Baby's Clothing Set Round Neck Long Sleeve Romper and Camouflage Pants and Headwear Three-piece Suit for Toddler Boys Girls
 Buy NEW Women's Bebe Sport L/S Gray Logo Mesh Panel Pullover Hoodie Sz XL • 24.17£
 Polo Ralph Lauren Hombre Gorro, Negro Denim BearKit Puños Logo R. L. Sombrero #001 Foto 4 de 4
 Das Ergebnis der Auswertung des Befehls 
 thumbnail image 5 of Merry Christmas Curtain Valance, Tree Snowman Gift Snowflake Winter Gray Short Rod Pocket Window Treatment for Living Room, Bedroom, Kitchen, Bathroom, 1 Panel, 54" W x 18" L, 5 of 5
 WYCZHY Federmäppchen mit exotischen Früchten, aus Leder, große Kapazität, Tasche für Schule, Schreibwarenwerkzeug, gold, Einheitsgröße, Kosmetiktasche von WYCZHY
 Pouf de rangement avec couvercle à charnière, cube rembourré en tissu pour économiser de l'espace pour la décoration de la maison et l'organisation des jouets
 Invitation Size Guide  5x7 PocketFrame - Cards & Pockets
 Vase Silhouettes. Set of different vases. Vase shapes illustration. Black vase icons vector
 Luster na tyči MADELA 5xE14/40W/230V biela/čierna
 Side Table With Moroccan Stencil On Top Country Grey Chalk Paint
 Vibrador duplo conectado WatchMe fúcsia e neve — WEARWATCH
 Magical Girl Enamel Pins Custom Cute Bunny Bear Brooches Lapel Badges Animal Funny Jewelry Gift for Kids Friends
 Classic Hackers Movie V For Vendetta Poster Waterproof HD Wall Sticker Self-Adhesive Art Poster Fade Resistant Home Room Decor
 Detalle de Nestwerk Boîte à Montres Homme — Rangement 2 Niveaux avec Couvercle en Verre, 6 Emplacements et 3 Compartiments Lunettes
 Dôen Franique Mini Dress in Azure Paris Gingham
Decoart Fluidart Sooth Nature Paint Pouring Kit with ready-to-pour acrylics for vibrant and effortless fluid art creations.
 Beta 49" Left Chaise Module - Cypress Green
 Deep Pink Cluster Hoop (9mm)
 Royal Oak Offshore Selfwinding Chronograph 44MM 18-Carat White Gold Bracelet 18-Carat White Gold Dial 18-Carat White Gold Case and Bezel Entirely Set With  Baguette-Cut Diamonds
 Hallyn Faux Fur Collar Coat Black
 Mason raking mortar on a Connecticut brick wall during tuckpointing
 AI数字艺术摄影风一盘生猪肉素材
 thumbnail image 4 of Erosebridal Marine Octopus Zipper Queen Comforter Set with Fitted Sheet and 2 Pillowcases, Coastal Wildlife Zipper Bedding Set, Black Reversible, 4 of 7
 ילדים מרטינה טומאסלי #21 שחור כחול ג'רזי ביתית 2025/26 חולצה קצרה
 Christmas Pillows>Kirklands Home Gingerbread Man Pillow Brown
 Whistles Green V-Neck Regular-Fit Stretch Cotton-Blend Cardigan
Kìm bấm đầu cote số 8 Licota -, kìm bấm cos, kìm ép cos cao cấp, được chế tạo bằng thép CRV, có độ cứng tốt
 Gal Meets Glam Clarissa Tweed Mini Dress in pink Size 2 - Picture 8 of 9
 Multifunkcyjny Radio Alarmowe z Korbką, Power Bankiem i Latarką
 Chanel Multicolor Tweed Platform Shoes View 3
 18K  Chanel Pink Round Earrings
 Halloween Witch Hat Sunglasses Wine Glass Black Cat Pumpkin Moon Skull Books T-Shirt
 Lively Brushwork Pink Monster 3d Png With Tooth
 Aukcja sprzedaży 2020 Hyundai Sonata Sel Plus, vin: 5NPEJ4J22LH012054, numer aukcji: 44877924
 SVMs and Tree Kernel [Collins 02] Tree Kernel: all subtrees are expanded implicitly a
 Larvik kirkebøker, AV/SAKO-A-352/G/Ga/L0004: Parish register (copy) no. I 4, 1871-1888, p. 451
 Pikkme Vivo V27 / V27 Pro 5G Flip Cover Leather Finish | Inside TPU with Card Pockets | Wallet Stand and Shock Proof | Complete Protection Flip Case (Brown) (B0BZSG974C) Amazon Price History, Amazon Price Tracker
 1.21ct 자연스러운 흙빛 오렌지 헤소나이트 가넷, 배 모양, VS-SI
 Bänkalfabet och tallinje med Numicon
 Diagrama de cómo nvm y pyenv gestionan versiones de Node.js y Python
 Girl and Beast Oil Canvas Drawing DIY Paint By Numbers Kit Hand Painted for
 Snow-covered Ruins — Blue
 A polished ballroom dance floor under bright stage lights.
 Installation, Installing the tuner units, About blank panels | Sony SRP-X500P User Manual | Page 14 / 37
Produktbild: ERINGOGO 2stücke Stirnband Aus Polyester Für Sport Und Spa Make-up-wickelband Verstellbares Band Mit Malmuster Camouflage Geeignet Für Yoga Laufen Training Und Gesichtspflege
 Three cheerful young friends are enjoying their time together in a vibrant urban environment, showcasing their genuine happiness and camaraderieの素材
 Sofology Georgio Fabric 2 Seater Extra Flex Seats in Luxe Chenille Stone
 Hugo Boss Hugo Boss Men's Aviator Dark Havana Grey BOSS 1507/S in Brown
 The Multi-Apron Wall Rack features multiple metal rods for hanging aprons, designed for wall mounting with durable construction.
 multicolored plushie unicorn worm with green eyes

+++++

- Problem
Beginning with the first line above, could you copy every line exactly, up to and including the one with "Das Ergebnis der Auswertung des Befehls"?

- Result of the exercise
Baby's Clothing Set Round Neck Long Sleeve Romper and Camouflage Pants and Headwear Three-piece Suit for Toddler Boys Girls
 Buy NEW Women's Bebe Sport L/S Gray Logo Mesh Panel Pullover Hoodie Sz XL • 24.17£
 Polo Ralph Lauren Hombre Gorro, Negro Denim BearKit Puños Logo R. L. Sombrero #001 Foto 4 de 4
 Das Ergebnis der Auswertung des Befehls 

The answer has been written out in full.